Originally published on the eve of the National Socialist era, Die Stadt (the City) is the German title of Ernst von Salomon’s second novel, recently re-translated and re-published in English by Arktos Media under the title It Cannot be Stormed.

Von Salomon is described as one of the most enigmatic members of the Conservative Revolutionary movement that emerged in Germany during the Weimar Republic. He is most famous for his Der Fragebogen (The Questionaire), a book published in 1951 containing his ironic answers to the 131 questions he was asked while a POW of the Americans, who imprisoned him between 1945-1946. Der Fragebogen was a hot seller and instigated a wide discussion at the time.

From 1913, was a cadet, and, subsequently, from the age of 17, a member of the Freikorps, the volunteer military or paramilitary units that formed in the aftermath of the Great War, out of disillusionment with civilian life and a desire for revenge against the Communist among demobilised soldiers. During the 1920s he survived to prison sentences, the first of which was for his part in the assassination of Walther Rathenau (he provided the car for the assassins).

The author’s background is quite evident in this novel, which is about the end of the Weimar period. Indeed, it permeates the entire narrative, possibly even to the point of determining the language and phraseology—the latter, certainly during the first third of the book, is very structured, with a self-conscious use of phrasal repetition that is not, all the same and despite stereotypes about German seriousness, lacking in humour. The narrative tone and style is also extremely German. It is difficult to convey this to an English-speaking reader who is unfamiliar with the German personality; but if you have known Germans in Germany, and developed a sense of their way of approaching and looking at things, you will immediately recognise it in the text.

Aside from the total absence of political correctness in the characters’ psyche, the story itself remains depressingly contemporary: it begins with the emergence of a farmers’ movement in the face of increasing predations by the taxman at a time when Germany was still struggling to pay reparations for the war; and it continues with the involvement in the movement of Ive, the main character, and his journey as a disaffected intellectual and perennial outsider—from the underground, to the country, and to the city. The intensifying conflict between the movement and the authorities is used to highlight two contrasting mentalities, that of the country versus that of the city. And this in turn is used to explore the restless, anxious, fermenting intellectual, social, and political ambience of the period.

There is an enormous amount of deep philosophical lucubration in this novel, which is progressively mired in ever-denser text as the plot slows down and sinks into ever more fuliginous paragraphs of monumental length, tight print, and epic sentences. Thus, the leaden effect created by the reliance on reported speech and near absence of dialogue in the earlier parts of the book is progressively compounded by the subsequent reliance on heavy theoretical monologues. Had Kafka been a Weimar-era German Conservative Revolutionary, he would have written this way.

Still, there is a logic to all this, as it follows the convolution of Ive’s intellectual odyssey.

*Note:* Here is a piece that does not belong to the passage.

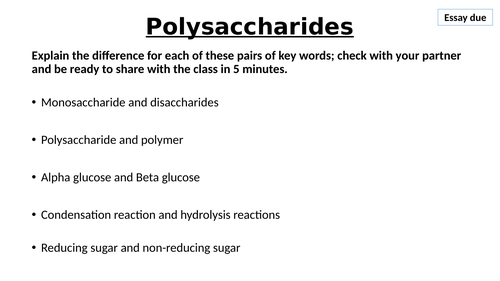 A Level Aqa Biology Polysaccharides Teaching Resources 9698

Of special interest are the scenes involving the National Socialists and their Communist opponents. Von Salomon had an ambiguous relationship with the former: initially sympathetic, he did not support them after 1933, but neither did he speak against them and indeed he spent the remainder of the National Socialist era writing film scripts. In the novel Ive has a chance to observe them up close while one of his former collaborators and acquaintances from the farmers’ movement (who changes his stripes, and his name, with nonchalant frequency) is involved with the SA. As readers we are even witnesses to one of the famous beer hall brawls.

Overall this is an intriguing work of fiction, rich with historical value (both because of the anguished intellectual ferment it reproduces and the backdrop against which the action unfolds) as well as unusual characters—or rather caricatures, because the characterisation betrays a certain Dickensian taste for humorous stereotypes. It is well worth reading if you enjoy a thoughtful and challenging novel and / or are interested in the time period and perhaps also the German character.